Task brief:
Return all entries verbatim; skip any pictures.

Material supplied:
# # # # # # #

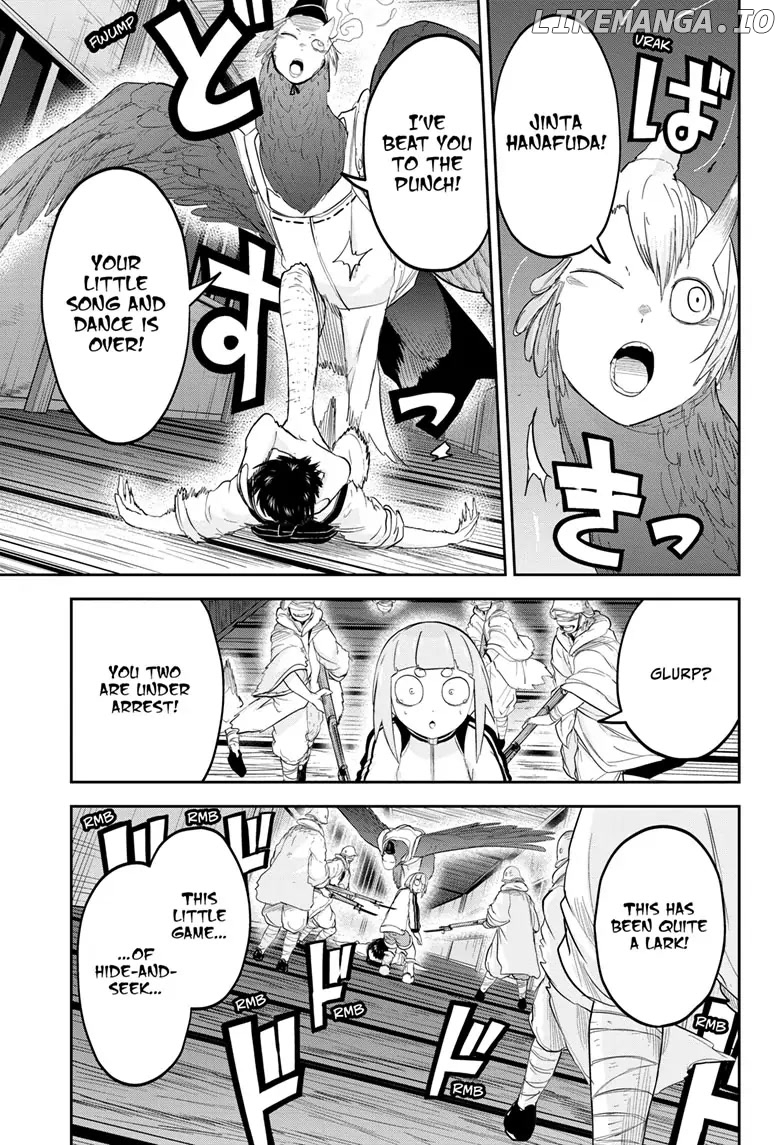 Tokyo Demon Bride Story chapter 25 - page 13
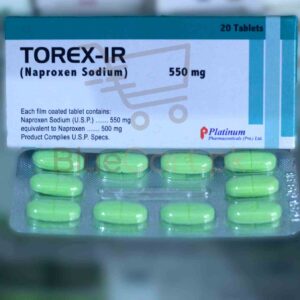 Torex Ir Tablet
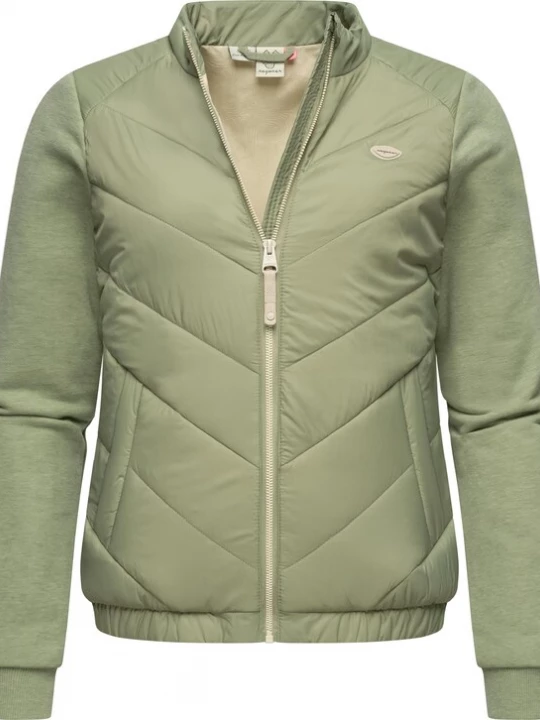 Foto van product Ragwear Tussenjas 'Zabava' groen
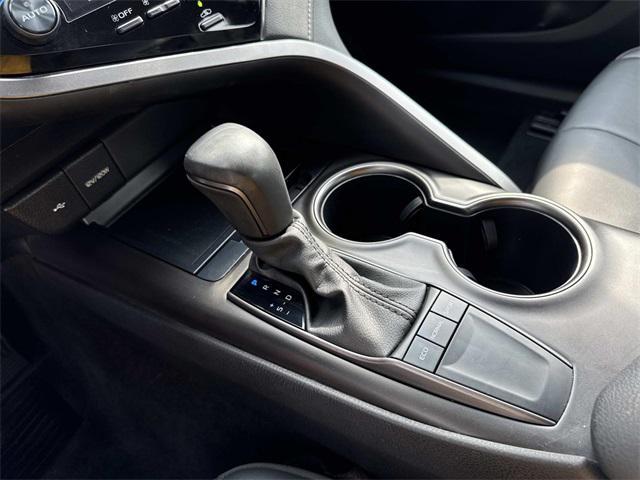 used 2023 Toyota Camry car, priced at $25,595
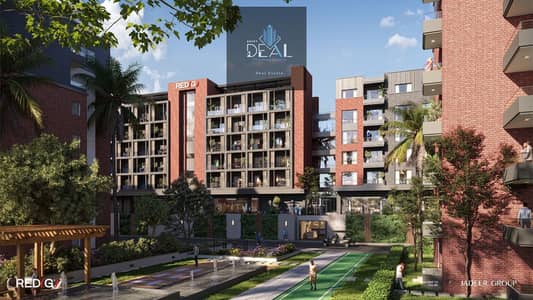  Fully finished apartment, delivery in 2 years, in the heart of New Cairo’s prime location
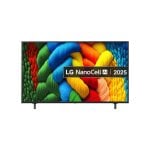 Fernseher LG NanoCell AI 55NANO80A6B 55" 4K UHD Smart TV mit NanoCell Technologie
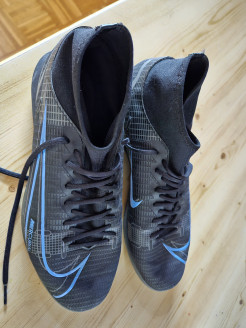 Basquettes montantes  Nike foot salle homme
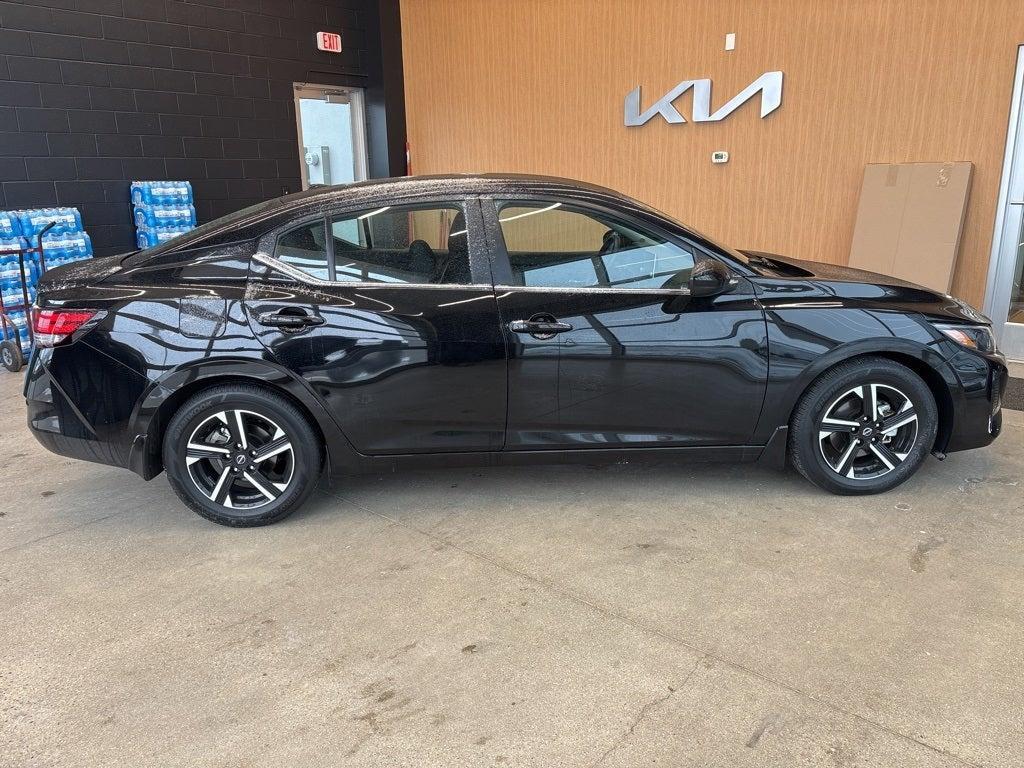 used 2025 Nissan Sentra car, priced at $22,480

# # # # # # #

Task result:
 Tokyo Demon Bride Story chapter 25 - page 13
 Torex Ir Tablet
 Foto van product Ragwear Tussenjas 'Zabava' groen
 used 2023 Toyota Camry car, priced at $25,595
  Fully finished apartment, delivery in 2 years, in the heart of New Cairo’s prime location
 Fernseher LG NanoCell AI 55NANO80A6B 55" 4K UHD Smart TV mit NanoCell Technologie
 Basquettes montantes  Nike foot salle homme
 used 2025 Nissan Sentra car, priced at $22,480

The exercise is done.